M. Arsène Houssaye a commencé la publication de l’Histoire de la Peinture flamande et hollandaise[5]. C’est un livre qui manquait à l’histoire de l’art. Les trente livraisons qui ont paru permettent déjà de saisir le point de vue de l’écrivain et d’apprécier sa manière. M. Houssaye ne cache pas sa vive sympathie pour les Flamands ; c’est avec une curiosité amoureuse qu’il étudie leurs œuvres, et qu’il reconstruit la biographie ignorée des Paul Potter, des Berghem, des Ruysdaël. La peinture flamande et hollandaise, qui n’a pas été sans influence sur l’art français, méritait de trouver parmi nous son historien.

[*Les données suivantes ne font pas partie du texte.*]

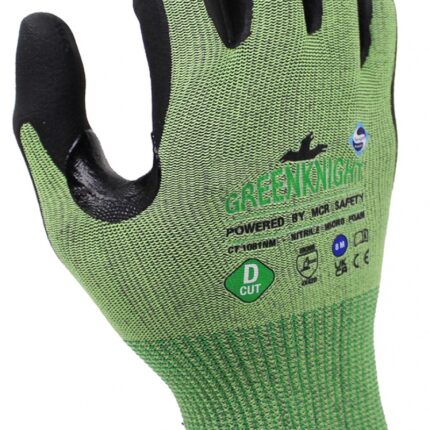 Rękawice antyprzecięciowe MCR Greenknight CT1081NM, rozm. 11 (opakowanie 12 szt.)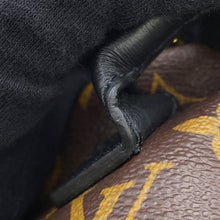 将图像加载到图库查看器中，LOUIS VUITTON Palm Springs Backpack NoirM44873 Monogram Size MINI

— On sait quel rapide et brillant succès obtint autrefois l’Encyclopédie-Courtin. Cette intéressante publication méritait, à plus d’un titre, l’accueil empressé qu’elle rencontre dans le public. M. Courtin, lorsqu’il conçut le projet de son Encyclopédie, avait fait appel aux savans, aux écrivains les plus capables de le seconder dans son utile entreprise. Parmi ses collaborateurs il put compter de grands écrivains et des savans illustres. Aujourd’hui MM. Firmin Didot publient une nouvelle édition de l’Encyclopédie-Courtin ou plutôt une nouvelle Encyclopédie ; car leur but est d’accroître de près du double l’ouvrage publié par M. Courtin, dont ils ne conservent que les articles les plus remarquables soit par le mérite de l’exécution, soit par le nom des auteurs. Les livraisons déjà parues font bien augurer de cette vaste publication. Il y a là un effort heureux pour vulgariser la science. Des notices attachantes, complétées par des gravures et par de curieuses indications bibliographiques, assurent à la fois à la nouvelle édition de l’Encyclopédie-Courtin l’approbation des juges spéciaux et les suffrages des gens du monde.

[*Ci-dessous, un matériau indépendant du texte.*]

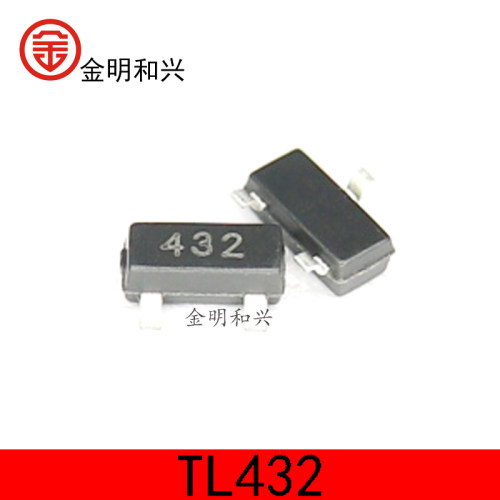 TL432丝印432贴片三极管SOT-23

— On vient de traduire un des plus grands monumens littéraires de l’antiquité, l’Histoire universelle de Diodore de Sicile[6]. Nous reviendrons sur cette publication que le traducteur, M. le docteur Hœfer, a enrichie de notes curieuses sur l’état des sciences chez les anciens et chez les modernes.

  1. Un vol.  in-8o chez Lagny, rue Bourbon-le-Château.
  2. Chez Amyot ; rue de la Paix.
  3. Chroniques Siennoises, traduites de l’italien, précédées d’une introduction et accompagnées de notes, par M. le duc de Dino. Un beau volume grand in-4o, chez Curmer.
  4. Deux volumes in-8o, chez Labitte, passage des panoramas.
  5. Un vol.  in-folio, avec 100 gravures sur cuivre.
  6. Quatre volumes in-18, faisant partie de la Bibliothèque-Charpentier.